It was trading close to 85.84 yen against the US dollar in early Asian trade, the lowest since September 2010.

Japan's new Prime Minister Shinzo Abe has promised steps to weaken the yen to help revive Japan's sluggish economy.

He has even suggested that Japan's central bank should print "unlimited yen" to help stoke inflation.

Mr Abe has also called upon the central bank to boost its stimulus measures and undertake aggressive monetary easing to spur economic growth.

That includes setting an inflation target of 2% - double that of the Bank of Japan's (BOJ) current target.

Analysts said that with Mr Abe's Liberal Democratic Party and its coalition partner having a two-thirds majority in the lower house, it was highly likely that Mr Abe will be to implement the measures that he had promised during his election campaign.

"There appears to be widespread agreement within the new government and its political alliances on the path to take," advisory firm Brown Brothers Harriman wrote in a note to clients.

"The majority seems to be willing to back Abe's call for 'bold monetary easing' and a 2% inflation target for the BOJ."

Many analysts have said that such aggressive measures were likely to weaken the yen.

Boost for exporters

The Japanese currency has fallen almost 7% against the US dollar since mid-November, after the former government agreed to hold snap elections.

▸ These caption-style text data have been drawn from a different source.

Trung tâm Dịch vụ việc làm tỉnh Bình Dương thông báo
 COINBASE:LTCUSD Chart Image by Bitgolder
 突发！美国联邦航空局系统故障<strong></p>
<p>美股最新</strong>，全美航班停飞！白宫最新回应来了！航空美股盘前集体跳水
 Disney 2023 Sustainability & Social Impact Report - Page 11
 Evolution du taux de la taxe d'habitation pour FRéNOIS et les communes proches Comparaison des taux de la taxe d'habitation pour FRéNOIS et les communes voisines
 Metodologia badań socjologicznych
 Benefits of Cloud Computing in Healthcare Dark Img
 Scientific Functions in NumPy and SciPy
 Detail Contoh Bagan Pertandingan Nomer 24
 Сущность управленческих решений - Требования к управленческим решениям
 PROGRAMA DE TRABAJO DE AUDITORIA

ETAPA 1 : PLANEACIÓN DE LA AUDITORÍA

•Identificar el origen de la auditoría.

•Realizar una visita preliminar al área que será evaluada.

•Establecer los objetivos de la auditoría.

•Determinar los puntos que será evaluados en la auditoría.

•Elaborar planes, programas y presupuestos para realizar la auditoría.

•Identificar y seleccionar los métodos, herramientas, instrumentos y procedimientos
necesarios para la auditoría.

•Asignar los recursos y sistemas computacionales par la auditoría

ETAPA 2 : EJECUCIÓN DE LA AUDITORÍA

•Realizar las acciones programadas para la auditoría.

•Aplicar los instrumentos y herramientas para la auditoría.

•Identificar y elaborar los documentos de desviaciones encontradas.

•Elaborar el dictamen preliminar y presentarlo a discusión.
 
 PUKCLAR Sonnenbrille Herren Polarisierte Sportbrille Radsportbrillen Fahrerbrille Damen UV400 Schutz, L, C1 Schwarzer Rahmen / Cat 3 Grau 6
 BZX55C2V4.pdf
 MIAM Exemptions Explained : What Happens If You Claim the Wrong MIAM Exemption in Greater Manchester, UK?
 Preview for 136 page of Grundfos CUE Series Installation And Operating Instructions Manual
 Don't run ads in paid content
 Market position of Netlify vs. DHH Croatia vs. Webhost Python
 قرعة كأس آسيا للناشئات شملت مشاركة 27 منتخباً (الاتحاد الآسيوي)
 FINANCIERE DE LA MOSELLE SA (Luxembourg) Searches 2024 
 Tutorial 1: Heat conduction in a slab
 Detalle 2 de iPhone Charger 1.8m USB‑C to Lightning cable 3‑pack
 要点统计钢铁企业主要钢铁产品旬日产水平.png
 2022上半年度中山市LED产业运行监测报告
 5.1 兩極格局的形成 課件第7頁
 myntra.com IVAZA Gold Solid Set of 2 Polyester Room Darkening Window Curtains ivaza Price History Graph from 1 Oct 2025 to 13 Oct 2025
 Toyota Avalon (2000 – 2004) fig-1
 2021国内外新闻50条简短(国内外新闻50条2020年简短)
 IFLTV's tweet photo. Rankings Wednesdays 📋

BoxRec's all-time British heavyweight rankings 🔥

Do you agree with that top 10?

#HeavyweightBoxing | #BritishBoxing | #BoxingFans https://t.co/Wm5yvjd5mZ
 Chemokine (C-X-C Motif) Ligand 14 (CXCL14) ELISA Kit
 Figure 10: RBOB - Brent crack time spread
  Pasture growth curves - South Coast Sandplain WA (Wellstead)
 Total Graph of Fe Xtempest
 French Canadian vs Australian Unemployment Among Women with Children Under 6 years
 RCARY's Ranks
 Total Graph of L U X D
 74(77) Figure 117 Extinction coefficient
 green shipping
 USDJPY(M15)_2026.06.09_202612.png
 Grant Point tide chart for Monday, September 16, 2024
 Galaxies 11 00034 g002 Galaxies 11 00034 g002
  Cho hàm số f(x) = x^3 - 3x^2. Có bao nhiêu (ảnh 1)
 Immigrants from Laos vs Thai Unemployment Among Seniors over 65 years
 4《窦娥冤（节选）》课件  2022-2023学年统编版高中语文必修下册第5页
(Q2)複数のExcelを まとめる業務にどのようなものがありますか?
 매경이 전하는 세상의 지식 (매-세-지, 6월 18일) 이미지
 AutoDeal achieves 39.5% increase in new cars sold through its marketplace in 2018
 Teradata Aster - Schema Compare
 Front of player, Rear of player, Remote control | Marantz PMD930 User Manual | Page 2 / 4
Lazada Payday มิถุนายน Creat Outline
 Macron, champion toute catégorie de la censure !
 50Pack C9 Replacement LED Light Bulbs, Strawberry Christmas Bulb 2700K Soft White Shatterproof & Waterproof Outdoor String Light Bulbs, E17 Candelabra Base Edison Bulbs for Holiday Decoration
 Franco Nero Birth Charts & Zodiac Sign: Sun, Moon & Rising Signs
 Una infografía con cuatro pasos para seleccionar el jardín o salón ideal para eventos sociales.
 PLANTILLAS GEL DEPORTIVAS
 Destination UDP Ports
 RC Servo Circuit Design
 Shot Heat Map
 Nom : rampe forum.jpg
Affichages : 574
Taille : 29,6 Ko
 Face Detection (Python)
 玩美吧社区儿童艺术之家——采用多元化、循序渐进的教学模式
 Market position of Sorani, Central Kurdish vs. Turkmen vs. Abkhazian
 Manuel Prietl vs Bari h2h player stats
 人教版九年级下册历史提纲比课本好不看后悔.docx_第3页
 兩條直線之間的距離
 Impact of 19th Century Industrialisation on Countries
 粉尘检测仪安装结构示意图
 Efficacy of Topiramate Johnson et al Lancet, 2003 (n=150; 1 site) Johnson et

It has also dipped against the euro and was trading at 113.60 yen against the single currency in Asian trade on Thursday - the lowest level since July 2011.

A weak yen bodes well for the Japanese exporters as it not only makes their goods more affordable to foreign buyers but also helps boost their profits when they repatriate their foreign earnings back home.

This is key for Japan's overall economy, as it relies heavily on its export sector for growth.

The prospects of a weak yen, coupled with further stimulus boost, has also had a positive impact on the stock market.

Japan's Nikkei 225 index has risen almost 20% in the past six weeks, with shares of major exporters leading the gains.